Peptides serve as a “decoy” that can potentially block a whole host of pain-signaling processes, Bhattacharjee says. The possibilities are immense—as is the market for such products.
The target U.S. annual estimated market potential is $69.18 billion, he reports. Arthritic pain alone is predicted to affect up to 80 million people by 2025. With another 80 million surgeries being conducted annually, postoperative analgesics likewise account for a large share of the commercial demand for such products.
Clinical trials with the lipidated peptides will be relatively easy since pain is typically assessed on a 1-to-10 pain rating scale using emojis, says Bhattacharjee. The clinical centers needed to do studies are also ubiquitous because pain is the primary reason people see their doctor.
If all goes well, the company’s first FDA-approved product could be in clinical use in as soon as four years, Bhattacharjee says.
Local delivery of the peptides at pain nerve endings reduces the risk of side effects, which is a key reason new drugs fail to get FDA approval, Bhattacharjee says. Adding a lipid on a peptide increases its half-life, and free-floating peptides that get into the blood quickly disappear.
The same concept applies to mRNA COVID-19 vaccines—only a bit of RNA gets in the muscle to produce a spike protein for immune response and the rest of the RNA rapidly degrades, he points out. Side effects are generally a result of how people respond to the spike protein.
The widely prescribed diabetes medications Trulicity and Ozempic are both lipidated peptide drugs that need to be administered through daily to weekly injections, says Bhattacharjee. Early indications are that lipidated peptides under development by the UB team could provide pain relief for at least three weeks.
Differences in how males and females experience pain has also been seen. With chronic established pain, female rats tend to have a delayed response to treatment relative to their male counterparts, he says.

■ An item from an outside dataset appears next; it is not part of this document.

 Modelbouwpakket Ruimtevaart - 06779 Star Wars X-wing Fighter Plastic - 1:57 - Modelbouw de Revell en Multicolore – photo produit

When it comes to postoperative pain, females respond much better to treatment than males provided researchers “nipped it in the bud,” he says, drawing a comparison with women who preemptively treat their menstrual pain starting the day before their period. Opioids also don’t work as well in managing postoperative pain in females, highlighting the importance of prophylactic pain relief prior to surgery.

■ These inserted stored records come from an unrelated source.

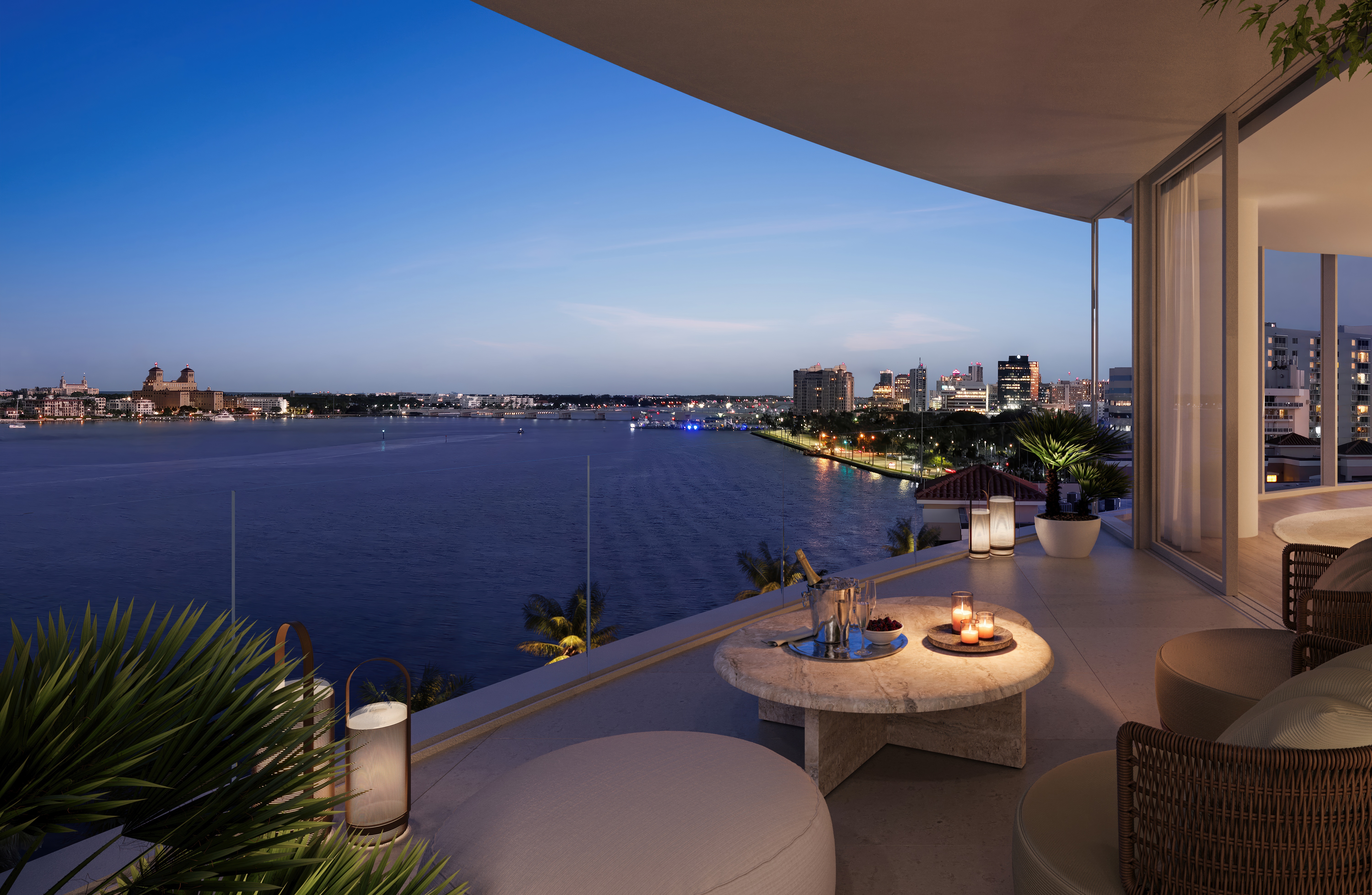 Private outdoor terrace balcony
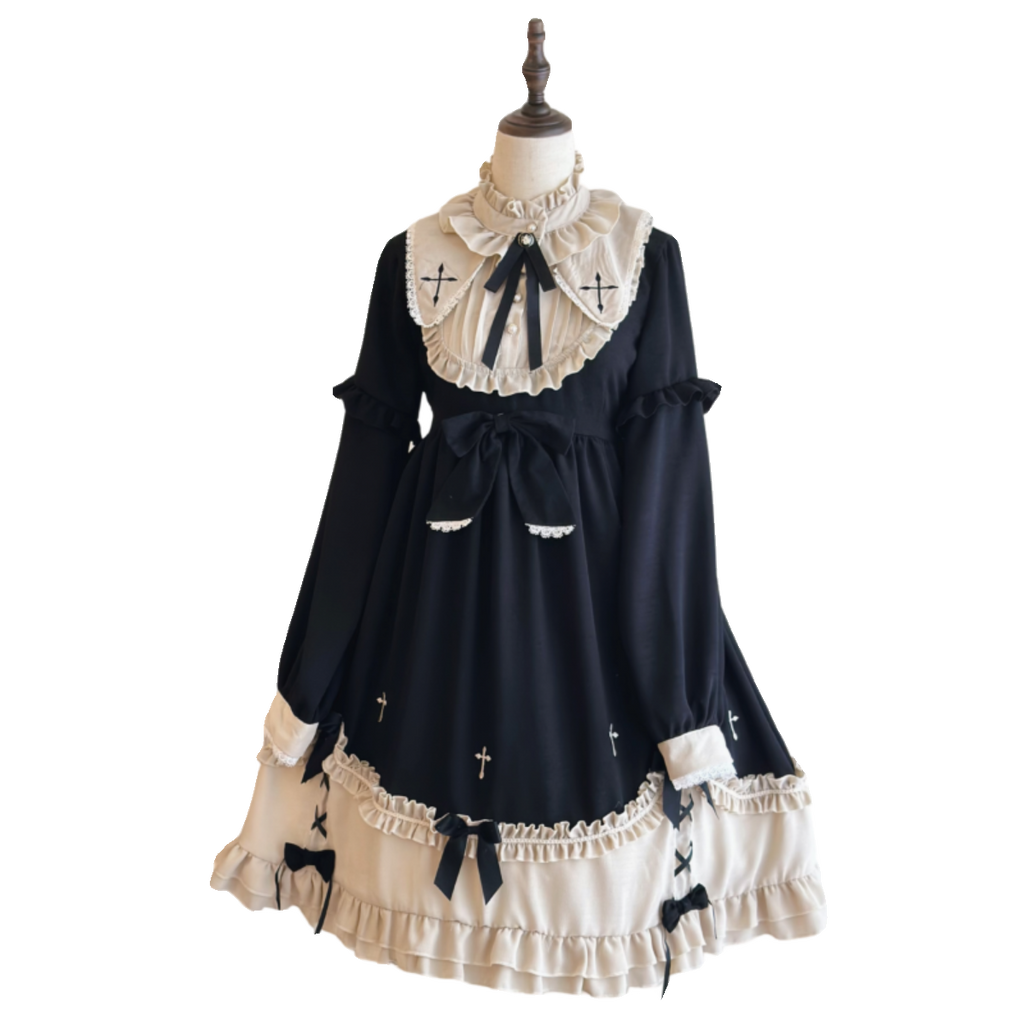 Plus Size Lolita Winter OP Dress, Long Sleeve - image 13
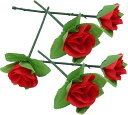 フラワー マジック 5個セット 手品 薔薇 サプライズ 一発芸 パーティー プレゼント グッズ 花束
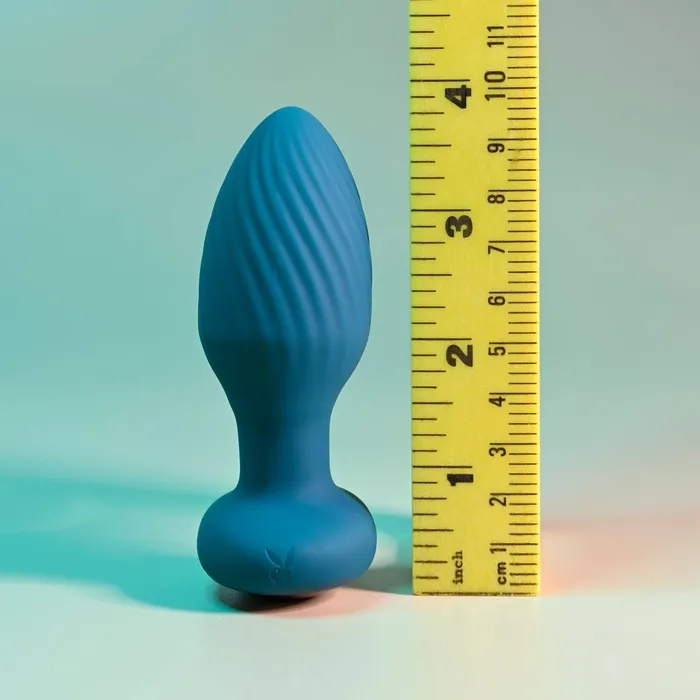 Anal Playboy Pleasure Playboy Pleasure Spinning Tail Teaser Vibrating Butt Plug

“The key reason we have not been able to develop a really good pain drug is for years scientists only studied male [rodents],” says Bhattacharjee. As he and his UB colleagues have underscored, understanding how both sexes respond to pain treatment is a critical consideration in analgesic development.
Channavix hopes to partner with several contract research organizations (CROs), such as Charles River Laboratories, for the IND-enabling studies, Bhattacharjee shares. CRO assistance will also be sought for manufacturing of the peptides and ensuring adherence to good laboratory practices, with expected support from the NIH HEAL Initiative.